Get Your Ex Back, Save Your Marriage And Stop Your Divorce
I find myself in a pretty strange predicament. I currently live in the same house as my ex in a group house. He broke up with me one month ago after dating for a year and a half while I was visiting my parents one weekend at 4:30 am via text. He had been drinking at the time and we had just tiffed because I was having high expectations (he hadn't called me all weekend and I didn't trust his motives, albiet in hindsight, they were innocent). I asked him if the break up was legitimate the following day and he stuck to it. When I came back to our shared home, I asked if we could meet and when we did I told him I respected his decision.
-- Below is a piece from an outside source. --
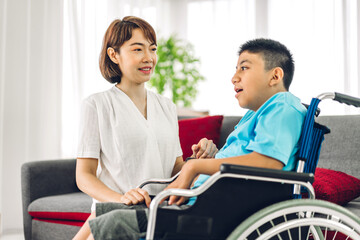 Portrait of asian physiotherapist carer helping and playing with special disabled child health problem by doing exercises sitting in wheelchair in rehabilitation clinic.disability care concept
To give a short back story: I lived in the group house first and he moved in in Oct 2011. I was dating someone else at the time. When my old relationship ended in Jan 2012, my ex swooped in and started talking to me a lot about our common interests and about our past relationships. We slept together twice and I told him I wasn't interested in doing it again unless I was in a relationship. He committed to me. We became close in a short amount of time-- sharing a bed every night, all of our best friends were the same, we were both pursuing music careers. We supported each other fully in our artistic endeavors. Over time, I had to get a day job, which I hated. I started clinging to him more and he pulled away. Since I had yet to read Katarina's book, I had no idea that men even did this. I assumed he was interested in other women and started to become insecure. I also became insecure when his music started taking off more and I was stuck in my day job. On some level, I thought he perceived me as a loser. I didn't realize to what extent my pulling had pushed him away until the break-up occurred.
Since our break-up: I have been working hard on my dreams and focusing on myself. I read Katarina's book and have been leaning back. So far he has just contacted me via gchat to send me some funny links and has invited me to a facebook event. There have been no calls or texts but we also live together.
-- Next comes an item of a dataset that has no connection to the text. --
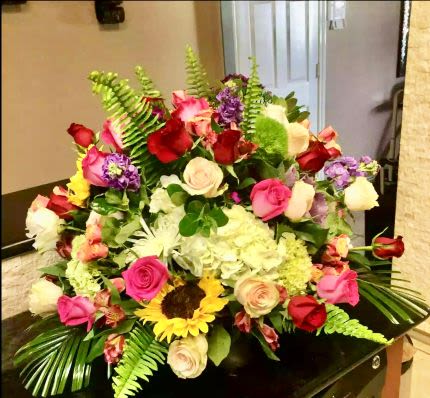 Large mixed arrangement of roses, hydrangea, sunflower and other blooms in a low container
We still see each other often in the house but I am always either in a conversation with someone else or am leaving to go to a date or an event. Any interaction we have had has been friendly with a lot of laughs. He has talked about mutual friends and about previous things we used to talk about as a couple. In his room he still has all the gifts that I gave to him lining his walls. The only awkwardness is he won't keep eye contact with me when we do talk in person.
I found out last night that a week and a half ago, he slept with a stranger after being egged on by our guy friends. Supposedly, he had no interest in her. I realized that the only times he has contacted me online was after that encounter.
Do you think a situation such as this is salvageable? I know we found ourselves in one of the weirdest situations, but I truly believe we have a deep connection and we are also still attracted to one another. I've just been focusing on letting go and remaining in my feminine energy while also passionately pursuing music and fitness. It's hard to tell if he has taken notice or if he thinks I have just moved on (he is the shy type who probably won't pursue even if he is interested).
Is there any time when you should perhaps let him know you are still interested if he is a "girl makes the first move" type of guy? Or should I just wait for him to reclaim me if he ever is compelled to?
Any thoughts are much appreciated!
Hi S, focus on improving yourself and working on your insecurities because if those aren't fixed you'll be thrown in the same situation. When you are more secure, you'll naturally be happier and less prone to desire an unavailable guy or guys who don't put in efforts. Till then any effort to try to attract him back will only backfire. He will see your shifted energy once you accomplish those things and re-ignite his attraction.
Keep pursuing your dreams and passion and meet other guys if only to expand your horizon and raise your vibration. Keep ups posted.